= DATASET =
╭──

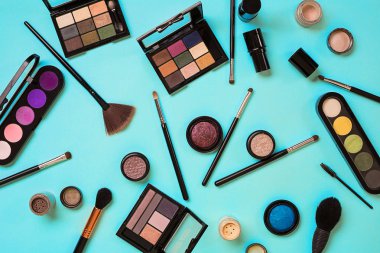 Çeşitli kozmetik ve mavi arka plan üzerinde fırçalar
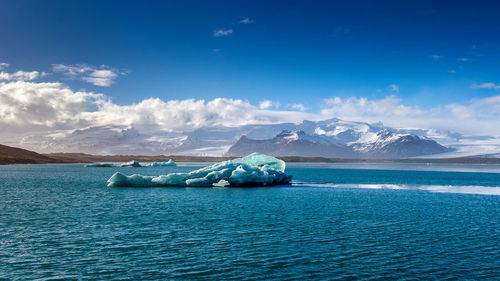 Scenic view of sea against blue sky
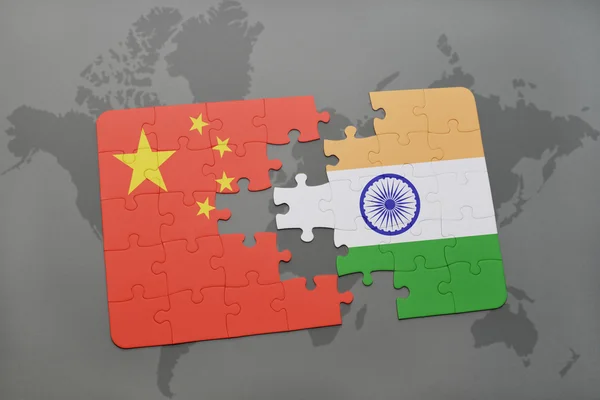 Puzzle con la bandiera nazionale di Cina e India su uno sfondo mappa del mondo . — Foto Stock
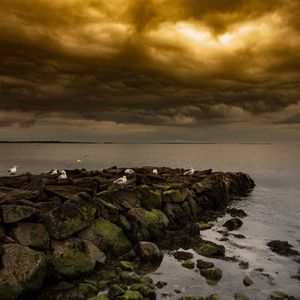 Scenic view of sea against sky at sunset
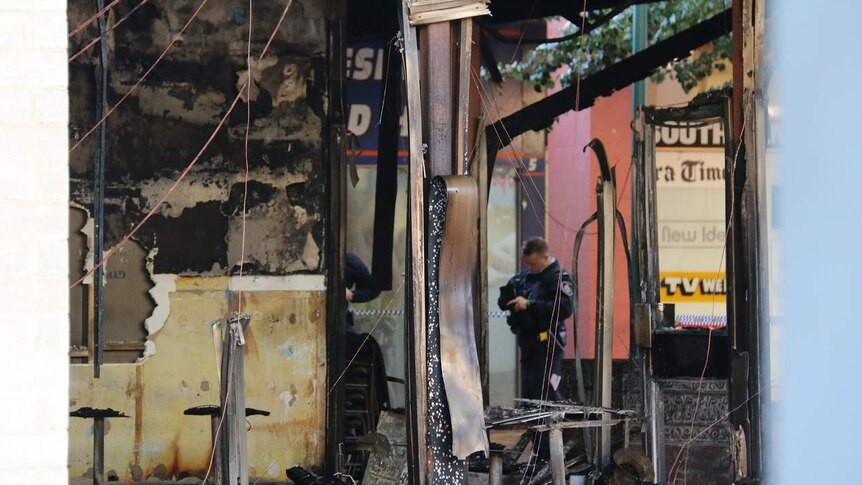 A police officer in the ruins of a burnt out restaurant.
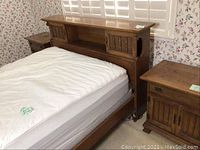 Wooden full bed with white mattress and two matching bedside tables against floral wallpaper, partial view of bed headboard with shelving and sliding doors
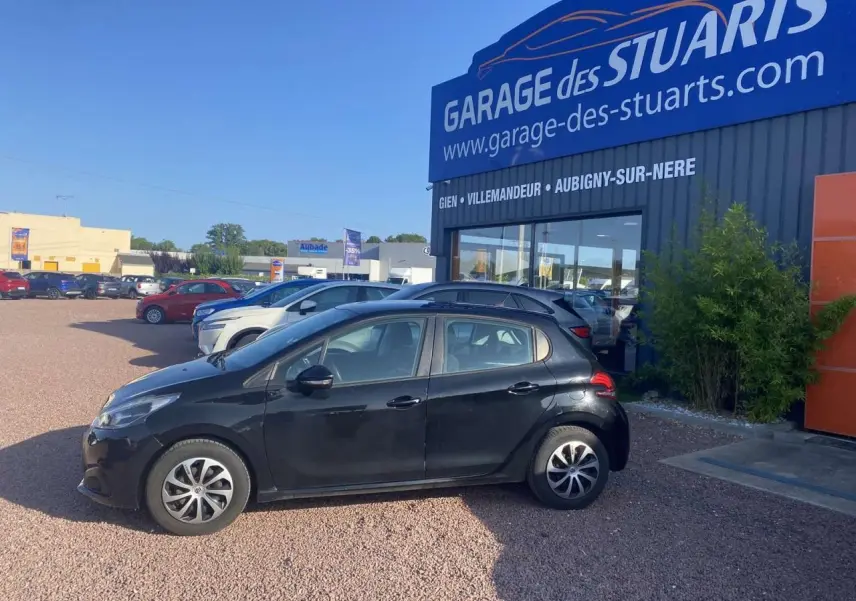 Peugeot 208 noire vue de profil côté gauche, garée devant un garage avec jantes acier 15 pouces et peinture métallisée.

╰──

= DESCRIPTION OF THE TASK =
Begin at the top of the material above and output each line exactly, stopping after the line that holds "A police officer". Leave out pictures.

= OUTPUT OF THE TASK =
 Çeşitli kozmetik ve mavi arka plan üzerinde fırçalar
 Scenic view of sea against blue sky
 Puzzle con la bandiera nazionale di Cina e India su uno sfondo mappa del mondo . — Foto Stock
 Scenic view of sea against sky at sunset
 A police officer in the ruins of a burnt out restaurant.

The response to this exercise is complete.